Melody clenched her eyes shut and delved deeper, imagining. Miasma drawing away from the body, turning into mist. Veins changing from black to blue. Rot replaced with rebirth. New, unbroken skin in place of those horns, and those gruesome eyes clearing, becoming Ben’s natural seafaring blue. _And when he speaks again, it’ll be in his normal, rough, salty scratch, not the inhuman shrieks of a daemon._

“You know what your problem is, don’t you?” Melody jumped as Ardyn’s hands cradled her by the shoulders, his mouth by her ear. “Healers are selfless by nature, but _you_? You are so _deliciously_ selfish. You care more for your secrets than you do their lives.”

“That’s not true!” She drew her hand from Ben’s neck and shoved Ardyn back. He stumbled away, laughing darkly, with flecks of miasma dripping down the lapels of his coat. “I pick my battles.

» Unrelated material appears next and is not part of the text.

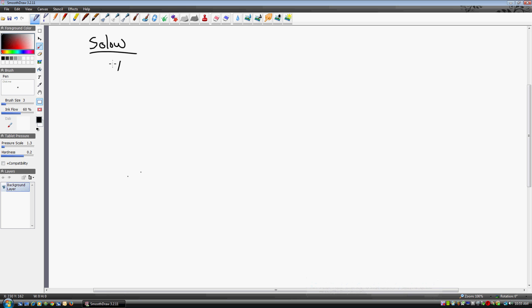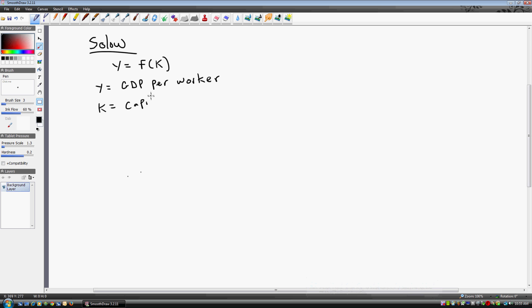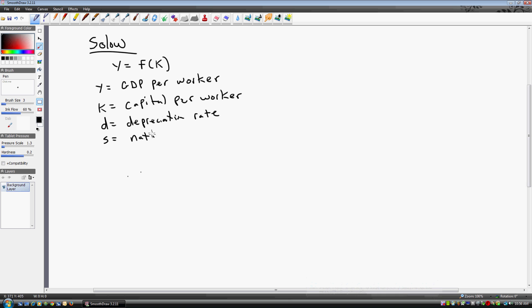Let's start with the production function for the economy. y is going to be a function of k, where y is GDP per worker and k is capital per worker. A few other key things in the Solow growth model will be d, the depreciation rate, and s, the national saving rate.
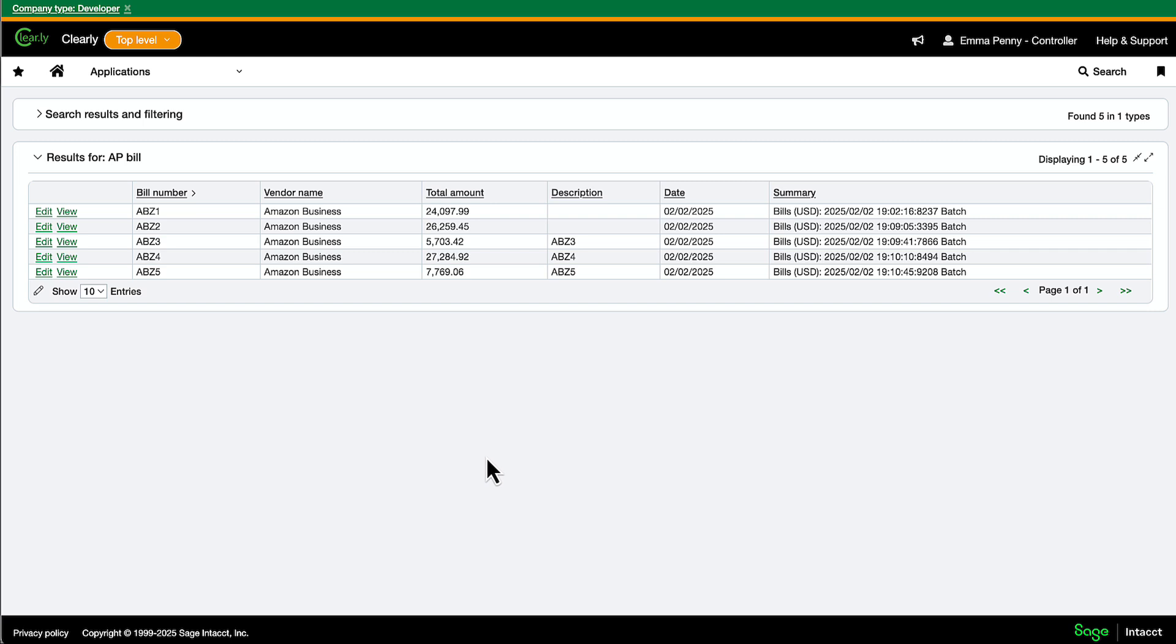Ramp BillPay now imports bills directly from your accounting system, so you can keep creating bills exactly as you do today, while unlocking more ways to pay with greater efficiency.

If I tried to save everyone, then I’d save no one.” 

“Oh yes, I’m sure all those people you passed by would agree with you. That poor old woman by the sea, the little boy roaming the Lucian outlands. The hunter crawling blind in the dark—around your age, wasn’t he?” Ardyn shook his head, face heavy with mournfulness. “Already lost causes, much like your Benjamin here.”

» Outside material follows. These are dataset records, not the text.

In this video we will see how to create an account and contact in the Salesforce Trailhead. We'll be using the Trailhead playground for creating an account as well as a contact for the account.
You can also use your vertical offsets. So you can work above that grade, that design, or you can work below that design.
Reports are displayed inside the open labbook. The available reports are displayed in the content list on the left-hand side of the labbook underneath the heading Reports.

Ardyn looked and sounded perfectly regretful, perfectly understanding. Save for the glint of amusement in his amber eyes. So many games he was playing. Melody wasn’t sure which one she should try to win, or even if she _could_ win. She was shaken that he knew about those nameless people she’d chosen not to help, each of them beyond her skills, now ghosts she’d been trying to forget. How had he come to know her failures? Just how much about her did he know? 

“No, he isn’t,” she replied, and then she drew the knife she’d reclaimed from Ardyn’s chest and swiftly cut open the back of her hand. Not the palm or the wrist. Cutting those areas made it difficult to wield things, could take too long to heal, and be life-threatening if done incorrectly. What she was doing was dangerous enough, and all she needed was a little blood.

The wound stung, blood welling up quickly from the cut. Melody clenched her fist, so the pressure would force the blood out to slide down her hand more easily. Before she could lose a drop of it to the ground, she raised her fist over Ben’s mouth.

The first few drops missed, hitting his face and hair as he thrashed and snapped his jaws, the smell of blood sending him into a frenzy. Once he realized where it was coming from, he stilled and opened his mouth wide, a macabre parody of a child catching raindrops on his tongue. 

After he swallowed five or six drops, Melody felt it. Felt _him_.

Not Ben, but Ardyn. The Scourge. Its source. The separate energies that made up photosynthetic organisms and the human they fed on, intent to take over—and it had come from _him_. Melody felt the magic in her blood react to the organisms’ presence, awakening at last. Separately, she sensed Ben’s despair and disgust—and anger and sorrow. She sensed an acute willingness to die.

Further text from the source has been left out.